INSTRUCTIONS TO FOLLOW
Each entry must be duplicated precisely, with nothing left out.

[Scraped caption text data]
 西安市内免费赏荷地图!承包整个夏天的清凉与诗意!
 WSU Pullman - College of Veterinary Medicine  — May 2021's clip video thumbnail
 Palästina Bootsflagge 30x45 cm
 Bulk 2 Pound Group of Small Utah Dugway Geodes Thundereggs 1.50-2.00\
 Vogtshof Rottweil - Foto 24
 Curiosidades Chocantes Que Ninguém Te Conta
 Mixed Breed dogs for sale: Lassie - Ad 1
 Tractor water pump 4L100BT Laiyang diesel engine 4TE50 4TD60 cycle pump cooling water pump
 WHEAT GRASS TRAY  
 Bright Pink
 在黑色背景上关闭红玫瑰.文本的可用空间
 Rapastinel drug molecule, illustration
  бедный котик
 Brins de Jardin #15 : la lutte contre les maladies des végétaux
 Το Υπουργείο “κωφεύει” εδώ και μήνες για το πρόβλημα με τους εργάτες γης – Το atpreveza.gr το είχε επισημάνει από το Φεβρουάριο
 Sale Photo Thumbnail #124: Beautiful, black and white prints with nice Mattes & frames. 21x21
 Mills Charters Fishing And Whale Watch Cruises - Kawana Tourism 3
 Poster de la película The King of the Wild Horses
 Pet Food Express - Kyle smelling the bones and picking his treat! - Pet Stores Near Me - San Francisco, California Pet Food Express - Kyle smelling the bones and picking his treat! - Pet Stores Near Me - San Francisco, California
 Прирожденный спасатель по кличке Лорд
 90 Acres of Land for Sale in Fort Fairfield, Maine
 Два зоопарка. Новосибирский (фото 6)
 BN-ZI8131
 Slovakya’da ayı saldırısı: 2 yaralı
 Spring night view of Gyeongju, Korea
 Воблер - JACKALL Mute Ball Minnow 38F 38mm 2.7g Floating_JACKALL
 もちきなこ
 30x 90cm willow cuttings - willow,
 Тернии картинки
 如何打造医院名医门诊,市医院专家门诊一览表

YOUR RESPONSE
 西安市内免费赏荷地图!承包整个夏天的清凉与诗意!
 WSU Pullman - College of Veterinary Medicine  — May 2021's clip video thumbnail
 Palästina Bootsflagge 30x45 cm
 Bulk 2 Pound Group of Small Utah Dugway Geodes Thundereggs 1.50-2.00\
 Vogtshof Rottweil - Foto 24
 Curiosidades Chocantes Que Ninguém Te Conta
 Mixed Breed dogs for sale: Lassie - Ad 1
 Tractor water pump 4L100BT Laiyang diesel engine 4TE50 4TD60 cycle pump cooling water pump
 WHEAT GRASS TRAY  
 Bright Pink
 在黑色背景上关闭红玫瑰.文本的可用空间
 Rapastinel drug molecule, illustration
  бедный котик
 Brins de Jardin #15 : la lutte contre les maladies des végétaux
 Το Υπουργείο “κωφεύει” εδώ και μήνες για το πρόβλημα με τους εργάτες γης – Το atpreveza.gr το είχε επισημάνει από το Φεβρουάριο
 Sale Photo Thumbnail #124: Beautiful, black and white prints with nice Mattes & frames. 21x21
 Mills Charters Fishing And Whale Watch Cruises - Kawana Tourism 3
 Poster de la película The King of the Wild Horses
 Pet Food Express - Kyle smelling the bones and picking his treat! - Pet Stores Near Me - San Francisco, California Pet Food Express - Kyle smelling the bones and picking his treat! - Pet Stores Near Me - San Francisco, California
 Прирожденный спасатель по кличке Лорд
 90 Acres of Land for Sale in Fort Fairfield, Maine
 Два зоопарка. Новосибирский (фото 6)
 BN-ZI8131
 Slovakya’da ayı saldırısı: 2 yaralı
 Spring night view of Gyeongju, Korea
 Воблер - JACKALL Mute Ball Minnow 38F 38mm 2.7g Floating_JACKALL
 もちきなこ
 30x 90cm willow cuttings - willow,
 Тернии картинки
 如何打造医院名医门诊,市医院专家门诊一览表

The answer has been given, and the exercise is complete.